I am not a stock market data geek. I think a stock price is almost all the data you need to follow markets, but I am in the minority (thank goodness). Billions are spent yearly on data by Bloomberg, Factset, Reuters (and their customers) S&P, Banks, hedge funds, quant funds etc…to justify said stock prices in an ever ongoing circle jerk circle of financial life we call the public markets.
As a stock ‘price’ junkie, I was drawn to William O’Neil’s Investor’s Business Daily back when I got the investing bug in the 90’s. William - RIP - was an incredible innovator.
He invented the Relative Strength Ranking system that cemented an incredibly profitable data and media business. As simple as it sounds and as genius as it is in its simplicity, relatively few care to follow along, which is likely why it continues to work so well for the strict practitioners.
Way back in 2008 I hypothesized that it would be fascinating to own a certain set of stocks with both the highest price relative strength and the lowest Stocktwits followings. In 2008, we did not have enough data. Today, we surely do. I call this strategy/idea ‘untortured’ or ‘neglected exhaust data’ from the social signal. The lack of a following by an audience that talks about stocks all day long (which we have ranked for over 16 years by creating the ticker follow as an ‘opt in’) is a great signal.

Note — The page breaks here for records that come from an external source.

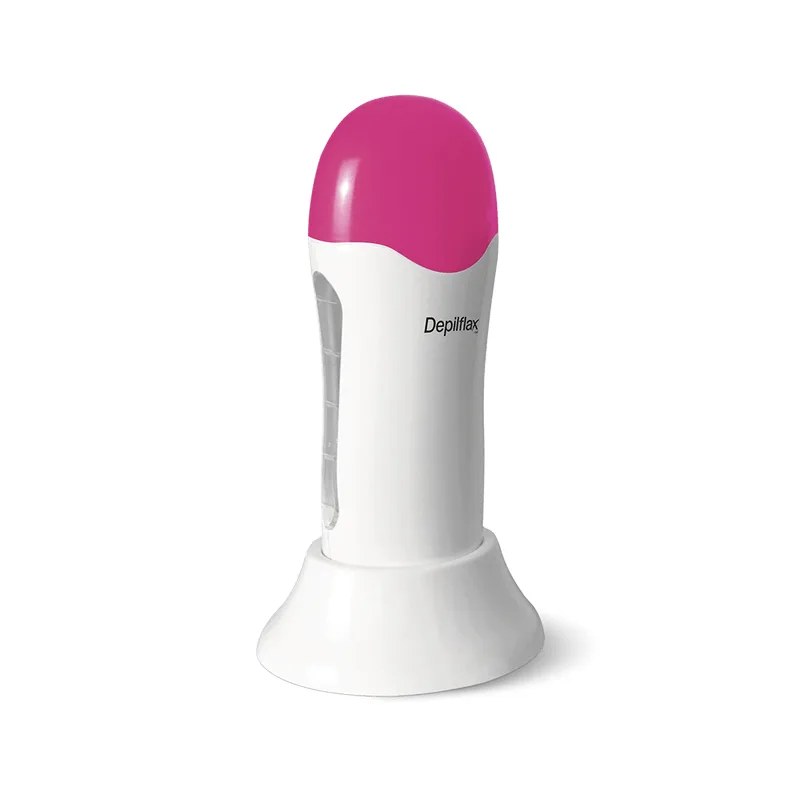 Aquecedor De Cera Depilflax Rollon CX 24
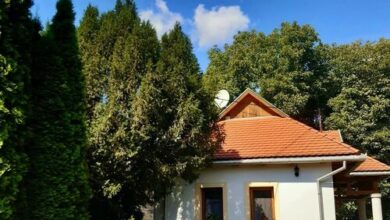 Gréta Vendégház Füzér 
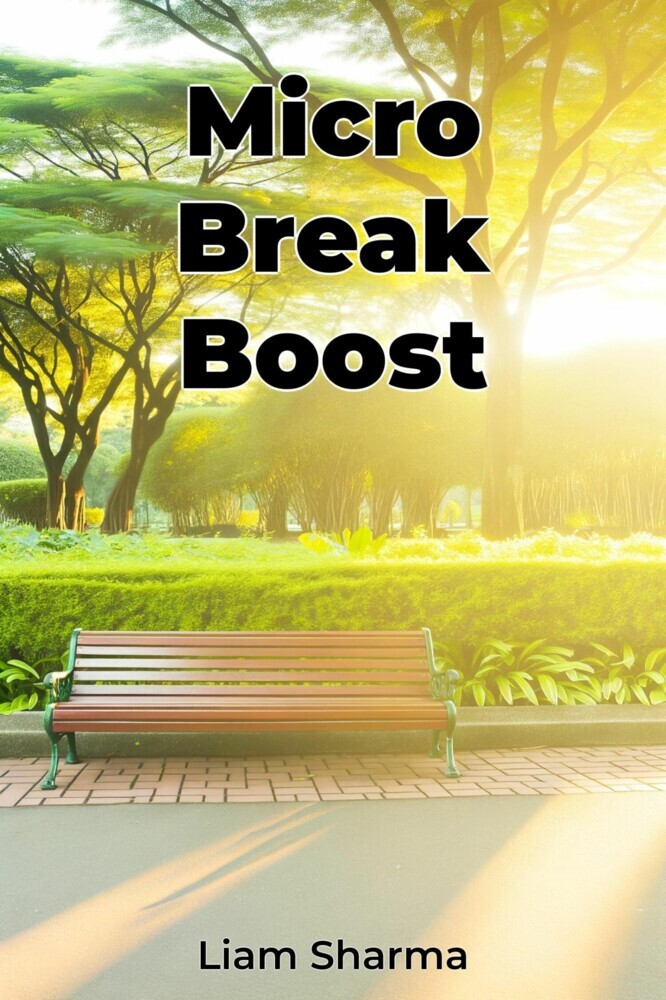 Micro Break Boost main product photo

I know…I know…just create an ETF already (hit me up if you want to do the data crunching for this with me and have a great name).
Here are three stocks from just the last few years that you have likely never heard of that have carried incredible price momentum are valued in the billions that get relatively no social interest as opposed to say current Wall Street darling Nvidia . Yes, Nvidia is an incredible company and incredible stock - which is why it has 460,000 Stocktwits followers watching the stream.
Here are three stocks that have crushed $NVDA stock performance since 2020 (price and volatility) and each has 4,000 or less followers TODAY.
$CELH, $SMCI $SYM
In 2023 it is easy to find a list of the highest relative price stocks…its not as easy to cross calculate which has the least social interest/following.
This is just one example of unique data that lies within Stocktwits in plain sight. Torture it as you please!
I won’t torture this data because I am not a data scientist. While some may call me stupid for giving away an easy idea that any programmer could use I am confident that few will do the work or even care.
No wonder data scientists are commanding huge salaries in the world we live in today. What I am bullish on are the data artists!
There is so much art, not just science to the data we are immersed in all day every day and we are in the early days of structured and unstructured social data as it relates to investing, stocks, prices and markets.
PS - I have long called the best technical analysts like JC Parets, Chris Kimble and Helene Meisler Chart Artists. Technical analysis is under appreciated because of bad marketing. Reading data is more art than science and technical analysts would be better off calling themselves chart artists.